Вопрос в том, дает ли этот негативный опыт личности достаточно ресурсов, чтобы мотивировать интенсивную заботу о людях где бы то ни было. Для Марка Аврелия отучение от предвзятости требует продуманной и систематической программы искоренения обеспокоенности обо всех людях и вещах в этом мире. Он рассказывает нам о медитативных упражнениях, которые он регулярно выполняет, чтобы прийти к тому, что вещи, которые вызывают разногласия между людьми, не имеют для него никакого значения.

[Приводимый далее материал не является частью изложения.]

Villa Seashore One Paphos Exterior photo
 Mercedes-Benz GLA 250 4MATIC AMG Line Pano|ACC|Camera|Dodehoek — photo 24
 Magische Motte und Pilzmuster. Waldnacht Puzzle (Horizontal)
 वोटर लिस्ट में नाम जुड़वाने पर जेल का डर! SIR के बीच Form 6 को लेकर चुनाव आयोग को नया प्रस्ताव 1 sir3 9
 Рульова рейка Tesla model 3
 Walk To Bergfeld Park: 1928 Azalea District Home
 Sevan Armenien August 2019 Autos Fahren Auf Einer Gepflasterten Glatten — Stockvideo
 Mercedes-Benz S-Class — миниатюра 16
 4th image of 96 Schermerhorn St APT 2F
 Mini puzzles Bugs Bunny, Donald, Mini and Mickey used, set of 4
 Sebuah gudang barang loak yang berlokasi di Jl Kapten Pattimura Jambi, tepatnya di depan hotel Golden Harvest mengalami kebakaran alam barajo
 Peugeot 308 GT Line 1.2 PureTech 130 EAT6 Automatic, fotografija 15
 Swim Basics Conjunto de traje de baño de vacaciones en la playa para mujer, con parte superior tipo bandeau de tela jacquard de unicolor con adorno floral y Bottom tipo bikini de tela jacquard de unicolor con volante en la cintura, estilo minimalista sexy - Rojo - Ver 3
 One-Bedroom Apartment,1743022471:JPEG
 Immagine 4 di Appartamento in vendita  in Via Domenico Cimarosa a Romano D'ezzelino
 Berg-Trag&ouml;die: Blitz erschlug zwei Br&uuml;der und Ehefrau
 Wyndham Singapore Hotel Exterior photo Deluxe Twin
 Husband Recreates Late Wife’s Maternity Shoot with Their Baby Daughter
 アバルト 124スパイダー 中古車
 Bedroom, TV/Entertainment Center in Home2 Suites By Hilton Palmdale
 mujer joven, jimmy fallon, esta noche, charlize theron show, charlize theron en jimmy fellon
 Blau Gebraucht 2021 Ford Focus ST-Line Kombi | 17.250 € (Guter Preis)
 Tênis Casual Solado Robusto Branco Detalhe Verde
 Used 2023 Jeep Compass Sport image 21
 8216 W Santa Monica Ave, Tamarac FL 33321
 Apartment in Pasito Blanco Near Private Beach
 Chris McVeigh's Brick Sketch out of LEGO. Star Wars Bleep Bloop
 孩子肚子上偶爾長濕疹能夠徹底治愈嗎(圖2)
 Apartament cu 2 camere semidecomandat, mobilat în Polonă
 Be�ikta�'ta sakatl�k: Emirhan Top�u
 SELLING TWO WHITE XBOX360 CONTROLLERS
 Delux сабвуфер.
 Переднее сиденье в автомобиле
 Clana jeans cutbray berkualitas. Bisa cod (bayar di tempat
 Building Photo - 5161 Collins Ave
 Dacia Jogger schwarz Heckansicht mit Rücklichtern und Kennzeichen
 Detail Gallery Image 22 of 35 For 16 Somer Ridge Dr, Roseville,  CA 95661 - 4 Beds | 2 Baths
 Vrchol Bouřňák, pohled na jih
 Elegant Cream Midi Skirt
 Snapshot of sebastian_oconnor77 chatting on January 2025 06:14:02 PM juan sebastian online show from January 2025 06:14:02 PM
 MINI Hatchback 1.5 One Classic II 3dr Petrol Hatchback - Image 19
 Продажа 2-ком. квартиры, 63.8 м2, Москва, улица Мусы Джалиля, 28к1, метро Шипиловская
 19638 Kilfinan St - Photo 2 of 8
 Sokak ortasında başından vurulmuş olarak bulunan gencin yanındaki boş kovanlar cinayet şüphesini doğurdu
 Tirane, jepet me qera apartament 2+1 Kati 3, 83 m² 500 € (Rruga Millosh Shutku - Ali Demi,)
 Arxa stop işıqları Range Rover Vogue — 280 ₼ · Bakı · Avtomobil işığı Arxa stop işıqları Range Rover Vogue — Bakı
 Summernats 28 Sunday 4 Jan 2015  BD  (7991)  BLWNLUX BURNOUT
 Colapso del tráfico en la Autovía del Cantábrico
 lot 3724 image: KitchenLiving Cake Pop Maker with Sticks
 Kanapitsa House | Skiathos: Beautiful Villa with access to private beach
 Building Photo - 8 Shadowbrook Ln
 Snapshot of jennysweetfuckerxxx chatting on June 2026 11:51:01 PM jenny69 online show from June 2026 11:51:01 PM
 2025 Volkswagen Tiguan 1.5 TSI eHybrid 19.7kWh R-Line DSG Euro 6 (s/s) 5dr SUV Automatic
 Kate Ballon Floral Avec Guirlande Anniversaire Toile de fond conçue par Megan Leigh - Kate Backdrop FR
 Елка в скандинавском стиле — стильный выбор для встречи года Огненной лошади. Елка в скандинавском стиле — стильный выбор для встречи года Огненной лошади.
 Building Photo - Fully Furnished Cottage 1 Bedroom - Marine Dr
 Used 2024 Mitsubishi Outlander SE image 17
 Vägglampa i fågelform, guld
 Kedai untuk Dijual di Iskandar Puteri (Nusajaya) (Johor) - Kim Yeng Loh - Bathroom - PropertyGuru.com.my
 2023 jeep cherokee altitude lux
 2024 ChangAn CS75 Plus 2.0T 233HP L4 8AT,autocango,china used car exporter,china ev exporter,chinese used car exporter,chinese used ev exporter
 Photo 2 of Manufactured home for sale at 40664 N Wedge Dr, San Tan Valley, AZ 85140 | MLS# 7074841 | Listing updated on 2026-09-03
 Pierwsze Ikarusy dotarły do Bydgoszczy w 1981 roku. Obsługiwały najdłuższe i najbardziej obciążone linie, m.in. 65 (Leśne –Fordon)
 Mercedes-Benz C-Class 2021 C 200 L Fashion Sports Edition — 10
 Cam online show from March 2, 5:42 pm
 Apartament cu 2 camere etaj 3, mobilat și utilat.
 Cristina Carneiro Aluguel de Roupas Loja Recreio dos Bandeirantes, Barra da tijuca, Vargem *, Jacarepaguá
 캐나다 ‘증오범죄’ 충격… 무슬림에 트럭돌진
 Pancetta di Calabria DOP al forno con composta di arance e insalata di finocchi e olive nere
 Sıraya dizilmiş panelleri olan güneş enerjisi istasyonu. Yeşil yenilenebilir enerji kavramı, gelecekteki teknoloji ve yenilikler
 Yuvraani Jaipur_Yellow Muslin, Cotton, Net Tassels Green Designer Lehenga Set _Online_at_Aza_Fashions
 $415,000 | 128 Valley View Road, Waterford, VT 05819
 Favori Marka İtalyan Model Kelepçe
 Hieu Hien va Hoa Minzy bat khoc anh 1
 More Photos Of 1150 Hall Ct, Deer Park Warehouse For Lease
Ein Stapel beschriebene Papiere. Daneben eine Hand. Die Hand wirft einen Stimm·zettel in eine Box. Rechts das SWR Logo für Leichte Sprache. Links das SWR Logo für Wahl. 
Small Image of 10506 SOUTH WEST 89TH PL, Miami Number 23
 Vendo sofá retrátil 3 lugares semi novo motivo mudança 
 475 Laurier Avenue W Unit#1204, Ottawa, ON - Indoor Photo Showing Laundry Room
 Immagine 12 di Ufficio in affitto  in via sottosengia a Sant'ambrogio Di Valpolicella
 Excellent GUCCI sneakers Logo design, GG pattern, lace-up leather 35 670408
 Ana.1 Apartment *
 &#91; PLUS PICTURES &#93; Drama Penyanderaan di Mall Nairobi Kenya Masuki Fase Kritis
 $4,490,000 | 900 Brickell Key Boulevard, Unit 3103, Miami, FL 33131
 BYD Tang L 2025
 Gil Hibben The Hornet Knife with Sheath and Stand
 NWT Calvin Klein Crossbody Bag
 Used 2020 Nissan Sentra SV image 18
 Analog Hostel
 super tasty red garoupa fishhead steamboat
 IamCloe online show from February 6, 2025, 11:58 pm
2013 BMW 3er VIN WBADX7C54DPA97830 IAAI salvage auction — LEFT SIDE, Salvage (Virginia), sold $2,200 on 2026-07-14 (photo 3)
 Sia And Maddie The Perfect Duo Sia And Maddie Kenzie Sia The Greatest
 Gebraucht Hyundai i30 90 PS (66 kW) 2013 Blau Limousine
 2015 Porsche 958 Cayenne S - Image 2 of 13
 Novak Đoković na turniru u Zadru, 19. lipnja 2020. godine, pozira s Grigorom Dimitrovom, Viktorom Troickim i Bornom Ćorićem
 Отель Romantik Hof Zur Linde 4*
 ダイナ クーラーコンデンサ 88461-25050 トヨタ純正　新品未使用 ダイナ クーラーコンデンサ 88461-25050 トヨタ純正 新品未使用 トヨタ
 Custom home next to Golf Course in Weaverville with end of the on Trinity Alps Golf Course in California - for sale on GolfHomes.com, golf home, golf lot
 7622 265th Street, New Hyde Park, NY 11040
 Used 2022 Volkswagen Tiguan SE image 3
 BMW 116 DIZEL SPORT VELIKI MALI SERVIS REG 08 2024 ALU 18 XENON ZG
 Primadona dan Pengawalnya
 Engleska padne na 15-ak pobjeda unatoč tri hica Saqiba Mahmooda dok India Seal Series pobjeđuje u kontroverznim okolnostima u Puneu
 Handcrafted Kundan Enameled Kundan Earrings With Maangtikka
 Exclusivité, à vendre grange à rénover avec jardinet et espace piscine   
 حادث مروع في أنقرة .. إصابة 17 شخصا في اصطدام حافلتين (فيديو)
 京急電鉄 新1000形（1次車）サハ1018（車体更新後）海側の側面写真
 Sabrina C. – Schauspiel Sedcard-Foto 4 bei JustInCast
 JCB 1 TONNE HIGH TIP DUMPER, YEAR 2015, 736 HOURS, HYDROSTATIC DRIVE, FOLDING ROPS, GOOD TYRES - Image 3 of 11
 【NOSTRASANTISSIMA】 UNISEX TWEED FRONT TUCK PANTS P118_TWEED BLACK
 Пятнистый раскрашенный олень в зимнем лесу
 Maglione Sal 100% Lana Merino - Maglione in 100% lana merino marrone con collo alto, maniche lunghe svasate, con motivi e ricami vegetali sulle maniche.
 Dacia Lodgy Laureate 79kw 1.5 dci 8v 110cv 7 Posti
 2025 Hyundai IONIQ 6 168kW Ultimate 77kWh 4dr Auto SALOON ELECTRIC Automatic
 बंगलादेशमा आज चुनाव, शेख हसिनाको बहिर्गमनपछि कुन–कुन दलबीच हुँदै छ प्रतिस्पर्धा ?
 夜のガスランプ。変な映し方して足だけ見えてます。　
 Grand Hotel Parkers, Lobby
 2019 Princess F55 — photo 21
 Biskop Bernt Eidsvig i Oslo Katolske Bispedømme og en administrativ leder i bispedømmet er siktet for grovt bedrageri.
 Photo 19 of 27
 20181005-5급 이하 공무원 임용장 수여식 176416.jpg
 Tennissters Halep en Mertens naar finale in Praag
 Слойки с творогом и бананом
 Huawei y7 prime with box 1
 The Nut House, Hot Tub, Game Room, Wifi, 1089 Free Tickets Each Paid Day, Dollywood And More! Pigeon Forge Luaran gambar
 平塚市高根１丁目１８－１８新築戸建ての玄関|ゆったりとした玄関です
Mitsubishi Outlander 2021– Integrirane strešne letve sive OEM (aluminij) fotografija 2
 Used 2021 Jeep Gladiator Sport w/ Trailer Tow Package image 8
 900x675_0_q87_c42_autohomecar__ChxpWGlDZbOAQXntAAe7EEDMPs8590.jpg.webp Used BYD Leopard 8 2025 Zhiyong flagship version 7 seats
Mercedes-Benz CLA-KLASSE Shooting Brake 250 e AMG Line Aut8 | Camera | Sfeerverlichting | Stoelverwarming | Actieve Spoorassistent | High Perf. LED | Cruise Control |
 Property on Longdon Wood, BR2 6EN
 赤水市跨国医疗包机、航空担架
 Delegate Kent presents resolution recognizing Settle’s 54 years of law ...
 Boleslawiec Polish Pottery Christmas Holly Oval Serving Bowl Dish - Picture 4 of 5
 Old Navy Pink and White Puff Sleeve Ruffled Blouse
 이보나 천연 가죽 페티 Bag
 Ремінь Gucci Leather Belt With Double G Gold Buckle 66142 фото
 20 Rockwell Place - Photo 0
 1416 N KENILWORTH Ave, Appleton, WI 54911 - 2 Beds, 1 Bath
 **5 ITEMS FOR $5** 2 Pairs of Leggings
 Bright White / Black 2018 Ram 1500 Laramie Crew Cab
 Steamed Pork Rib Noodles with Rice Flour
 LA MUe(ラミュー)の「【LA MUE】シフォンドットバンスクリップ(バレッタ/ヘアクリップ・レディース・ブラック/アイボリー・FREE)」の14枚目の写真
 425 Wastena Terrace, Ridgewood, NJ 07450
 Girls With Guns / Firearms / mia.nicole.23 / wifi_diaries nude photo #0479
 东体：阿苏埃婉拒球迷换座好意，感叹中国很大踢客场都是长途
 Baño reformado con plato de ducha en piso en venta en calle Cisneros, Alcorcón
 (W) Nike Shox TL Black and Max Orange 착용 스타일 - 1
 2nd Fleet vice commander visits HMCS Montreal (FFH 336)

Но достижение того момента, когда мы сможем беспристрастно проявлять такую заботу ко всем людям, требует – как это совершенно ясно дает понять Марк Аврелий – систематического искоренения сильной обеспокоенности и привязанности к местным интересам: своей семье, своему городу, объектам своих любви и желания. Так, император должен научиться не только не быть спортивным фанатом, но и не быть любовником. Рассмотрим этот замечательный отрывок:
Как представлять себе насчет подливы или другой пищи такого рода, что это рыбий труп, а то – труп птицы или свиньи; а что Фалернское, опять же, виноградная жижа, а тога, окаймленная пурпуром, – овечьи волосья, вымазанные в крови ракушки; при совокуплении – трение внутренностей и выделение слизи с каким-то содроганием. Вот каковы представления, когда они метят прямо в вещи и проходят их насквозь, чтобы усматривалось, что они такое… (VI. 13)[335].
Отучиться от пристрастий значит научиться думать о сексе как о трении внутренностей: то есть для этого необходимо не находить особой ценности или удовольствия в чем-то определенном. Не стать синим также означает не быть поклонником того или иного тела, этой или той души, того или другого города. Перед нами платонический проект, который критикуется Аристотелем, полностью и добросовестно исполняемый.